[Dwarf-discuss] ISSUE: CPU vector types.

Thu Mar 30 20:26:56 GMT 2023

On 2023-03-29 8:55 p.m., Ben Woodard via Dwarf-discuss wrote:
> 
> On 3/28/23 13:17, David Blaikie wrote:
...
>> What DWARF should be used to describe the type of 'a'? And how does
>> this encoding scale to all the other similar intrinsic types?
>>
> As a person who has spent a crazy amount of time doing ABI work and static analysis this is what I would like: (I'm kind of assembling this by cutting and pasting and editing so please excuse minor errors like sizes and ignoring siblings. It is hand written hand-wavy DWARF)
> 
> *Factored out preamble to all of them:*
> [0] base_type            abbrev: 3
>        byte_size            (data1) 4
>        encoding             (data1) float (4)
>        name                 (strp) "float"
> [5]  base_type            abbrev: 3
>        byte_size            (data1) 4
>        encoding             (data1) unsigned (4)
>        name                 (strp) "unsigned int"
> [8]  base_type            abbrev: 3
>        byte_size            (data1) 4
>        encoding             (data1) signed (4)
>        name                 (strp) "int"
> [10] base_type            abbrev: 3
>        byte_size            (data1) 8
>        encoding             (data1) double (4)
>        name                 (strp) "double float"
> [15] subprogram           abbrev: 32
>    external             (flag_present) yes
>    name                 (string) "f"
> [20]      formal_parameter     abbrev: 15
>          name                 (string) "a"
>          type                 (ref4) [30]
> 
> *void f( float *a){}**
> *[30] pointer_type         abbrev: 5
>        byte_size            (implicit_const) 8
>        type                 (ref4) [0]
> 
> *void f( float a[]){}*
> [30] array_type         abbrev: 5
>        type                 (ref4) [0]
> 

In reality, the "float a[]" case above is not really an array.
'a' is still a pointer.  There is no such thing as passing an array by value in C/C++.  The two cases above
are defining the same function overload.  Note:

$ g++ v.cc -o -g3 -O0
v.cc:11:6: error: redefinition of ‘void f(float*)’
   11 | void f(float a[]) {}
      |      ^
v.cc:10:6: note: ‘void f(float*)’ previously defined here
   10 | void f(float *a) {}
      |      ^

I guess you're saying that a consumer would know that it is looking at a C or c++ function, and thus is knows
that even if the argument's type is described as an array, that it is really a pointer?

> *void f( float a[4]){}

Here I believe '4' must be ignored by the compiler's code generator, at least, the compiler can't really
assume that 'a' points to an array with 4 elements.  The '4' is just basically documentation.  Some
compilers, such as GCC, use it for warnings, though.
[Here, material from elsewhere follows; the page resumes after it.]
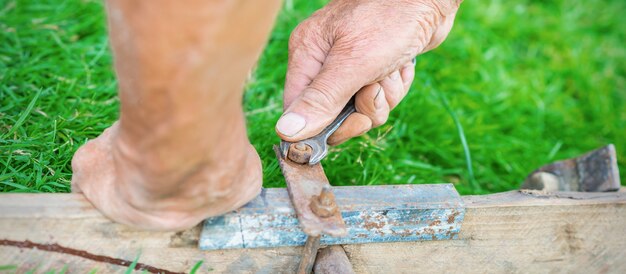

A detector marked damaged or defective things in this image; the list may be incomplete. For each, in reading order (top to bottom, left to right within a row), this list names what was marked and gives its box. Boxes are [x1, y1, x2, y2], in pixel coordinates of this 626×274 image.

rusty metal plate [272, 146, 346, 238]
rust stain [1, 239, 183, 272]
There's another case, one you didn't mention, and it is one that _does_ change ABI, which is:

  void f(float a[static 4]) {} // C only

This tells the compiler that the passed pointer points to an array that has at least 4 elements,
which also implies that you can't pass a NULL pointer.

>From N3047, C23 draft, 6.7.6.3 Function declarators, 6:

 "A declaration of a parameter as "array of type" shall be adjusted to "qualified pointer to type", where
 the type qualifiers (if any) are those specified within the [ and ] of the array type derivation. If the
 keyword static also appears within the [ and ] of the array type derivation, then for each call to
 the function, the value of the corresponding actual argument shall provide access to the first element
 of an array with at least as many elements as specified by the size expression."

Note: 'a' is still adjusted to a pointer.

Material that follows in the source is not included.